# Exercise description:
Return each entry precisely as it appears below.

Collection entries
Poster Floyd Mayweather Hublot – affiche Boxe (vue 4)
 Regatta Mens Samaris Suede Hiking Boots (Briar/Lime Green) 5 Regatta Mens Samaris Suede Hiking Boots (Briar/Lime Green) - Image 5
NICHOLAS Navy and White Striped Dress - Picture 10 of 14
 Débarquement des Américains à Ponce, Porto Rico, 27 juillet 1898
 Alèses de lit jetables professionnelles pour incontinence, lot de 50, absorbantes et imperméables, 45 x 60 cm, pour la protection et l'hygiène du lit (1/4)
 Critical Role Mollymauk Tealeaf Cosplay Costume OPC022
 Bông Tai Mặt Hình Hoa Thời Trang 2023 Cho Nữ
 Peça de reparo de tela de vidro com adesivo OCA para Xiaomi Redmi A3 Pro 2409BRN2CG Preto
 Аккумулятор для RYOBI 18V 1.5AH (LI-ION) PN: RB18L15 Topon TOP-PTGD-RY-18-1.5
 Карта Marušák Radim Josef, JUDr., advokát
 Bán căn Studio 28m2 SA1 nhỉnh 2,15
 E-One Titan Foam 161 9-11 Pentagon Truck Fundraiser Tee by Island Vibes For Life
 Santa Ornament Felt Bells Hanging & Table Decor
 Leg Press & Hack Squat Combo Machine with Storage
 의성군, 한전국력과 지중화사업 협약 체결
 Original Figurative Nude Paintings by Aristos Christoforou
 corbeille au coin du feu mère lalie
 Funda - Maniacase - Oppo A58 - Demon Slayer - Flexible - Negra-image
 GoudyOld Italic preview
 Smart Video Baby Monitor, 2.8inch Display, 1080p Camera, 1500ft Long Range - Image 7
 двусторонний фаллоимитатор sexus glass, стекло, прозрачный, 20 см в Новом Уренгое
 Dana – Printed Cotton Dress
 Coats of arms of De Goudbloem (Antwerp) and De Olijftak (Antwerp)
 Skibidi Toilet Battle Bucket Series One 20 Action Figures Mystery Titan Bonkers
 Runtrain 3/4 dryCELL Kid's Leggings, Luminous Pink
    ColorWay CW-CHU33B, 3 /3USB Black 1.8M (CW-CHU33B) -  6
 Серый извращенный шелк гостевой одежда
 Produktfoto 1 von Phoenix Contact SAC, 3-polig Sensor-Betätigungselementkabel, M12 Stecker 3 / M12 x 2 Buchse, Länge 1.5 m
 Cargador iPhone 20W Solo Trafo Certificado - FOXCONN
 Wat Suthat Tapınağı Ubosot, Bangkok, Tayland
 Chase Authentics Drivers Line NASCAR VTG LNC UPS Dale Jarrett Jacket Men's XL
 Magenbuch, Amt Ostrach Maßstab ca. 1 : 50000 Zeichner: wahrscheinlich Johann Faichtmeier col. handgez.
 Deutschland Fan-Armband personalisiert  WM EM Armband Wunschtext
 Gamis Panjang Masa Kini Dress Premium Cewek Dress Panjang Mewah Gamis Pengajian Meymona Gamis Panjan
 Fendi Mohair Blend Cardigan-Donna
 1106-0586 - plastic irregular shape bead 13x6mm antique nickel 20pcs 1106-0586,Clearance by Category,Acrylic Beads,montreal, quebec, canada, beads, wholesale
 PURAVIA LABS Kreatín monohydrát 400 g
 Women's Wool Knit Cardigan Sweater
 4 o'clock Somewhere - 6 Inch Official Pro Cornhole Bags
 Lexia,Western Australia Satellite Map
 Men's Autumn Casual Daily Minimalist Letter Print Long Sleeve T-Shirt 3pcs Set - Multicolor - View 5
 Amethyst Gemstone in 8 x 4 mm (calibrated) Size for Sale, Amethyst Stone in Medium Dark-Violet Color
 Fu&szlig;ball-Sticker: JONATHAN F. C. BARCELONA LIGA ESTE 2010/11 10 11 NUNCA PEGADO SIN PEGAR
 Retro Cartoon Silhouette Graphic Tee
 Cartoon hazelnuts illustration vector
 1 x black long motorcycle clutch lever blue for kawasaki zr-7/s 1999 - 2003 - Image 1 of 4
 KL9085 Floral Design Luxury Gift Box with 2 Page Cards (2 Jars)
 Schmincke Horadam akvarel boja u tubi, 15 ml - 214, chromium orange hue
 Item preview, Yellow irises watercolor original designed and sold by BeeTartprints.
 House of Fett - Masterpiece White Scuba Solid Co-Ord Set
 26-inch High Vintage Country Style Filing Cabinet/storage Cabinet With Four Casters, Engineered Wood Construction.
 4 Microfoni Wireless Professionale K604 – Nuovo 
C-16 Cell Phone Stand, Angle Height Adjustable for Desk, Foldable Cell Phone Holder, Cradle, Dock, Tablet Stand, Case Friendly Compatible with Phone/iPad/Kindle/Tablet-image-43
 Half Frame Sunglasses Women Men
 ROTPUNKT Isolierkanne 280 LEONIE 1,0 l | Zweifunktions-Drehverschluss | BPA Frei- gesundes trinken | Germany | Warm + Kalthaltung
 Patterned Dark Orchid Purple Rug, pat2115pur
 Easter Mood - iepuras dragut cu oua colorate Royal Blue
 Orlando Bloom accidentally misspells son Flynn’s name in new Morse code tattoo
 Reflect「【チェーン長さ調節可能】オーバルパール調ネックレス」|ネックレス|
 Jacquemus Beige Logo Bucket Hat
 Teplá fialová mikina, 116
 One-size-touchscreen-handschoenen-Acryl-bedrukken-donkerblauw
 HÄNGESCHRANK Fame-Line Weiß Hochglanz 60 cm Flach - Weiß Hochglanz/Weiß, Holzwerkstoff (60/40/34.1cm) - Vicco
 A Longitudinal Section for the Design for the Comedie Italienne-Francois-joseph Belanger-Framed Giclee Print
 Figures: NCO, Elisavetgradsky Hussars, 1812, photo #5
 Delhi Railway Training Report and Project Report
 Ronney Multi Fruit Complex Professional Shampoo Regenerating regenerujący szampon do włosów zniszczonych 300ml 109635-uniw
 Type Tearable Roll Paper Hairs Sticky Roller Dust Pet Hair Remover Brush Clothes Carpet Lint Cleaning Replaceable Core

# Solved problem:
Poster Floyd Mayweather Hublot – affiche Boxe (vue 4)
 Regatta Mens Samaris Suede Hiking Boots (Briar/Lime Green) 5 Regatta Mens Samaris Suede Hiking Boots (Briar/Lime Green) - Image 5
NICHOLAS Navy and White Striped Dress - Picture 10 of 14
 Débarquement des Américains à Ponce, Porto Rico, 27 juillet 1898
 Alèses de lit jetables professionnelles pour incontinence, lot de 50, absorbantes et imperméables, 45 x 60 cm, pour la protection et l'hygiène du lit (1/4)
 Critical Role Mollymauk Tealeaf Cosplay Costume OPC022
 Bông Tai Mặt Hình Hoa Thời Trang 2023 Cho Nữ
 Peça de reparo de tela de vidro com adesivo OCA para Xiaomi Redmi A3 Pro 2409BRN2CG Preto
 Аккумулятор для RYOBI 18V 1.5AH (LI-ION) PN: RB18L15 Topon TOP-PTGD-RY-18-1.5
 Карта Marušák Radim Josef, JUDr., advokát
 Bán căn Studio 28m2 SA1 nhỉnh 2,15
 E-One Titan Foam 161 9-11 Pentagon Truck Fundraiser Tee by Island Vibes For Life
 Santa Ornament Felt Bells Hanging & Table Decor
 Leg Press & Hack Squat Combo Machine with Storage
 의성군, 한전국력과 지중화사업 협약 체결
 Original Figurative Nude Paintings by Aristos Christoforou
 corbeille au coin du feu mère lalie
 Funda - Maniacase - Oppo A58 - Demon Slayer - Flexible - Negra-image
 GoudyOld Italic preview
 Smart Video Baby Monitor, 2.8inch Display, 1080p Camera, 1500ft Long Range - Image 7
 двусторонний фаллоимитатор sexus glass, стекло, прозрачный, 20 см в Новом Уренгое
 Dana – Printed Cotton Dress
 Coats of arms of De Goudbloem (Antwerp) and De Olijftak (Antwerp)
 Skibidi Toilet Battle Bucket Series One 20 Action Figures Mystery Titan Bonkers
 Runtrain 3/4 dryCELL Kid's Leggings, Luminous Pink
    ColorWay CW-CHU33B, 3 /3USB Black 1.8M (CW-CHU33B) -  6
 Серый извращенный шелк гостевой одежда
 Produktfoto 1 von Phoenix Contact SAC, 3-polig Sensor-Betätigungselementkabel, M12 Stecker 3 / M12 x 2 Buchse, Länge 1.5 m
 Cargador iPhone 20W Solo Trafo Certificado - FOXCONN
 Wat Suthat Tapınağı Ubosot, Bangkok, Tayland
 Chase Authentics Drivers Line NASCAR VTG LNC UPS Dale Jarrett Jacket Men's XL
 Magenbuch, Amt Ostrach Maßstab ca. 1 : 50000 Zeichner: wahrscheinlich Johann Faichtmeier col. handgez.
 Deutschland Fan-Armband personalisiert  WM EM Armband Wunschtext
 Gamis Panjang Masa Kini Dress Premium Cewek Dress Panjang Mewah Gamis Pengajian Meymona Gamis Panjan
 Fendi Mohair Blend Cardigan-Donna
 1106-0586 - plastic irregular shape bead 13x6mm antique nickel 20pcs 1106-0586,Clearance by Category,Acrylic Beads,montreal, quebec, canada, beads, wholesale
 PURAVIA LABS Kreatín monohydrát 400 g
 Women's Wool Knit Cardigan Sweater
 4 o'clock Somewhere - 6 Inch Official Pro Cornhole Bags
 Lexia,Western Australia Satellite Map
 Men's Autumn Casual Daily Minimalist Letter Print Long Sleeve T-Shirt 3pcs Set - Multicolor - View 5
 Amethyst Gemstone in 8 x 4 mm (calibrated) Size for Sale, Amethyst Stone in Medium Dark-Violet Color
 Fu&szlig;ball-Sticker: JONATHAN F. C. BARCELONA LIGA ESTE 2010/11 10 11 NUNCA PEGADO SIN PEGAR
 Retro Cartoon Silhouette Graphic Tee
 Cartoon hazelnuts illustration vector
 1 x black long motorcycle clutch lever blue for kawasaki zr-7/s 1999 - 2003 - Image 1 of 4
 KL9085 Floral Design Luxury Gift Box with 2 Page Cards (2 Jars)
 Schmincke Horadam akvarel boja u tubi, 15 ml - 214, chromium orange hue
 Item preview, Yellow irises watercolor original designed and sold by BeeTartprints.
 House of Fett - Masterpiece White Scuba Solid Co-Ord Set
 26-inch High Vintage Country Style Filing Cabinet/storage Cabinet With Four Casters, Engineered Wood Construction.
 4 Microfoni Wireless Professionale K604 – Nuovo 
C-16 Cell Phone Stand, Angle Height Adjustable for Desk, Foldable Cell Phone Holder, Cradle, Dock, Tablet Stand, Case Friendly Compatible with Phone/iPad/Kindle/Tablet-image-43
 Half Frame Sunglasses Women Men
 ROTPUNKT Isolierkanne 280 LEONIE 1,0 l | Zweifunktions-Drehverschluss | BPA Frei- gesundes trinken | Germany | Warm + Kalthaltung
 Patterned Dark Orchid Purple Rug, pat2115pur
 Easter Mood - iepuras dragut cu oua colorate Royal Blue
 Orlando Bloom accidentally misspells son Flynn’s name in new Morse code tattoo
 Reflect「【チェーン長さ調節可能】オーバルパール調ネックレス」|ネックレス|
 Jacquemus Beige Logo Bucket Hat
 Teplá fialová mikina, 116
 One-size-touchscreen-handschoenen-Acryl-bedrukken-donkerblauw
 HÄNGESCHRANK Fame-Line Weiß Hochglanz 60 cm Flach - Weiß Hochglanz/Weiß, Holzwerkstoff (60/40/34.1cm) - Vicco
 A Longitudinal Section for the Design for the Comedie Italienne-Francois-joseph Belanger-Framed Giclee Print
 Figures: NCO, Elisavetgradsky Hussars, 1812, photo #5
 Delhi Railway Training Report and Project Report
 Ronney Multi Fruit Complex Professional Shampoo Regenerating regenerujący szampon do włosów zniszczonych 300ml 109635-uniw
 Type Tearable Roll Paper Hairs Sticky Roller Dust Pet Hair Remover Brush Clothes Carpet Lint Cleaning Replaceable Core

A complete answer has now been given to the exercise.